Hartford couldn’t hold Bailey for long. But Detroit could. Hired by the Detroit News to cover city hall and African American affairs, he achieved what he dreamed of as a youth. No longer hampered by a stutter, he became known as a relentless and prodigious reporter. He saw stories everywhere, especially ones about Black entrepreneurs, teachers and students.

Literacy mattered greatly to Bailey. His ex-wife, Robin Hardin, told me their apartment overflowed with magazines and books. Bailey often got around Detroit by bus. Hardin said it distressed him to see people sitting in their seats, not reading anything. He knew that only through being informed could Black people overcome poverty and systemic racism.

So, he started dropping a quarter in newspaper boxes at bus stops and grabbing a stack of papers. He’d then walk through the bus handing them out to riders. “Here, have a newspaper,” he’d say. “Here, read the paper.” Words, Hardin said, “meant so much to Chauncey.”

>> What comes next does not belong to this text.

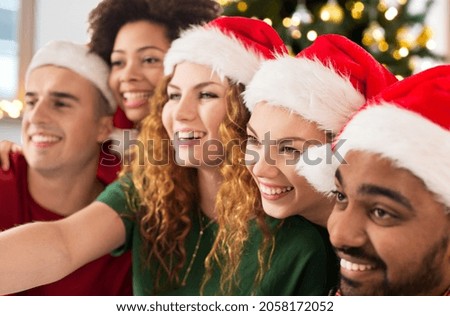 winter holidays and people concept - happy friends in santa hats taking selfie at christmas party over christmas tree lights background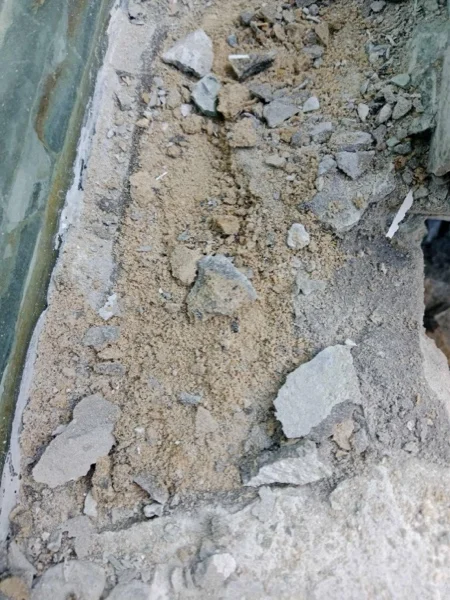 Crest Resort & Pool Villas — the old plaster broken down behind the wall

Hardin had two young nieces who came to live with the couple. When the children were in elementary school, Bailey went to their principal and proposed starting a school newspaper. He told Hardin that kids who didn’t like to read, or who had nothing to read at home, would at least read stories their friends wrote. He enforced deadlines, laid out the paper and printed copies. The publication proved a great success.

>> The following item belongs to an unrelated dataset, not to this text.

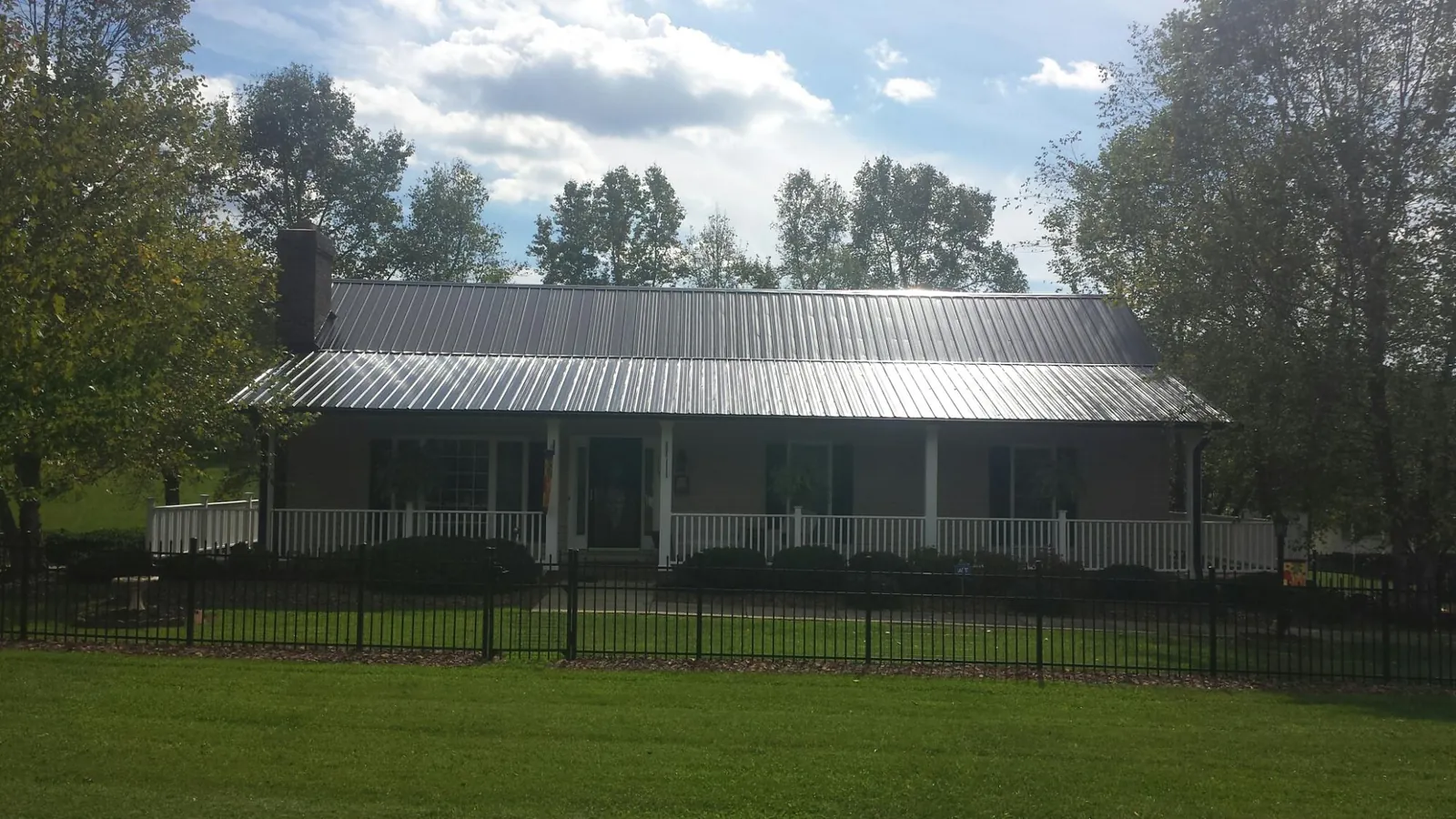 Gray metal roof on a brick ranch with a full width front porch — Gutter Guard Installation work by our crew in Columbia Falls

Eventually, Bailey grew tired of Detroit’s long winters and yearned for California sunshine. He moved to the Oakland Tribune in 1993, where he kept writing multiple stories a day about all aspects of Black life.

He wrote frequently about a business called Your Black Muslim Bakery run by a former hairdresser named Joseph Stephens who’d reinvented himself as a religious prophet, calling himself Dr. Yusef Bey.  Outwardly, Bey promoted Black self-determination through enterprise. Inwardly, his organization was a cult and criminal organization. He fathered more than 40 children, some with girls as young as 13. Children were kept from school, forced to work and attend classes where they were taught that white people and Jews were devils, that Black people were superior beings and would soon conquer the earth in an Armageddon-like war started by a giant spaceship called “the mother plane” that orbited the planet.

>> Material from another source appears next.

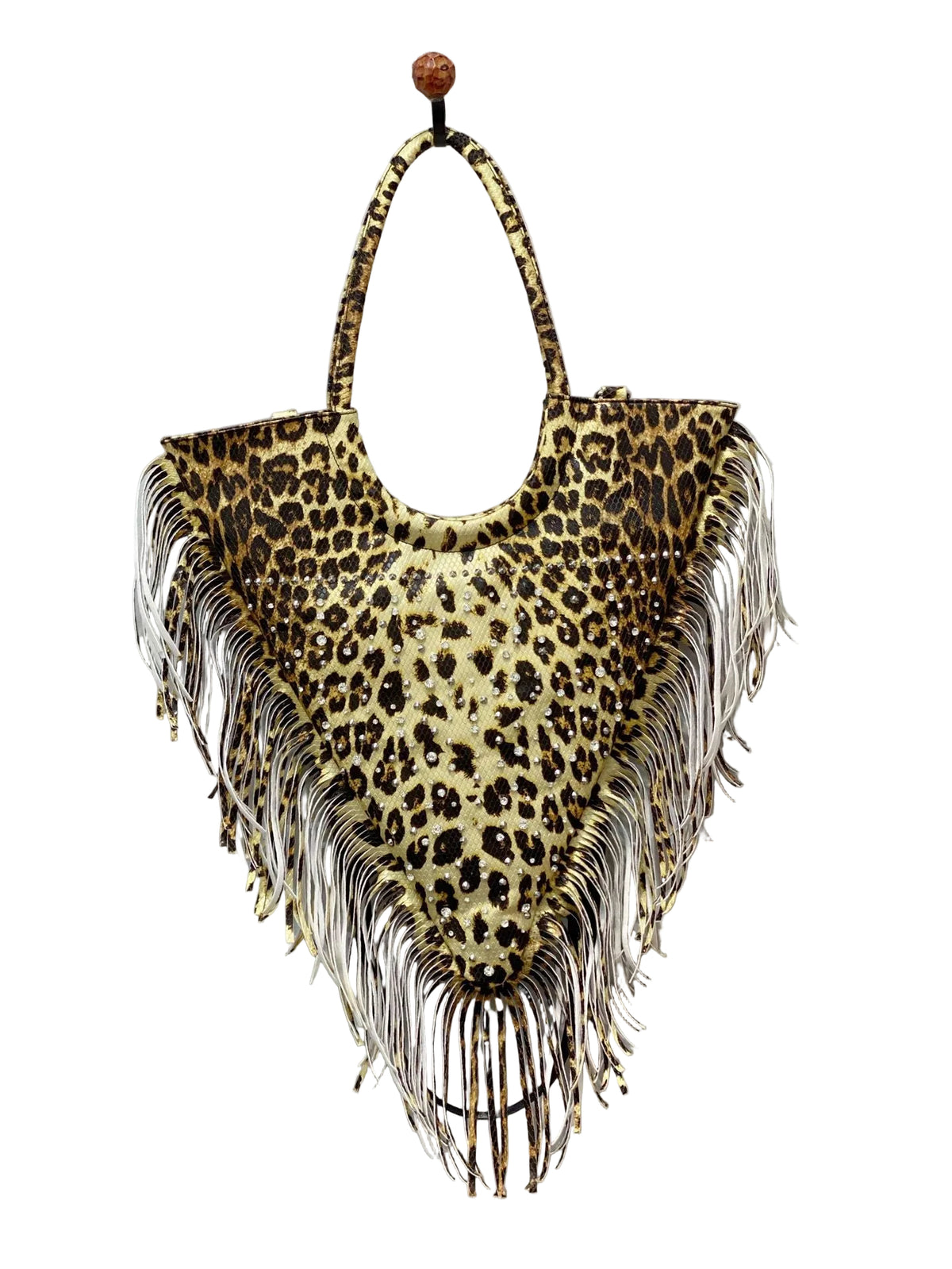 Leopard-print triangular tote with studs, long fringe, and loop handles, hanging front view.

Bey even ran unsuccessfully for Oakland mayor in 1994, a race Bailey covered. He died in 2004 while facing multiple charges of child rape. Bailey covered the court proceedings, which led to confrontations with Bey’s followers, who considered Bey God-like and religiously justified to impregnate children.

Bey’s son Yusef Bey IV (Bey named five sons after himself) eventually took over the bakery.

Bailey was fired by the Tribune in 2007 for multiple ethical lapses. He threatened to write negative stories about the state Department of Motor Vehicles after it declined to intervene in a dispute between Bailey and a man who had bought a car from him. He also wrote a story about a business owned by a woman he was dating without first consulting editors.

He was quickly named editor of the Oakland Post, the city’s Black weekly paper. He had been at the Post for only a few weeks when he began working on a story about Yusuf Bey IV running the bakery into bankruptcy. A source for that story came to the paper to see Bailey. A woman who worked there had once also worked for the Beys. She made a call, and word filtered back to Bey IV, who thought he could kill the story by killing the reporter.

Instead, eventually convicted of ordering the hit on Bailey and ordering followers to kill two other men unrelated to Bailey’s slaying, he put himself in prison for life with no chance of parole.

But he also robbed the world of the light that was Chauncey Bailey, the reporter who showed up at school events, school board meetings, who understood the importance of high school libraries, community colleges and state universities because he’d navigated those places himself. The reporter who started an elementary school newspaper. The kid who, when he was slurred by a racist, made a plan and found his path in life.

Fifteen years later, hardly anyone knows Bey’s name.

In Oakland, you can now see Bailey’s on street signs.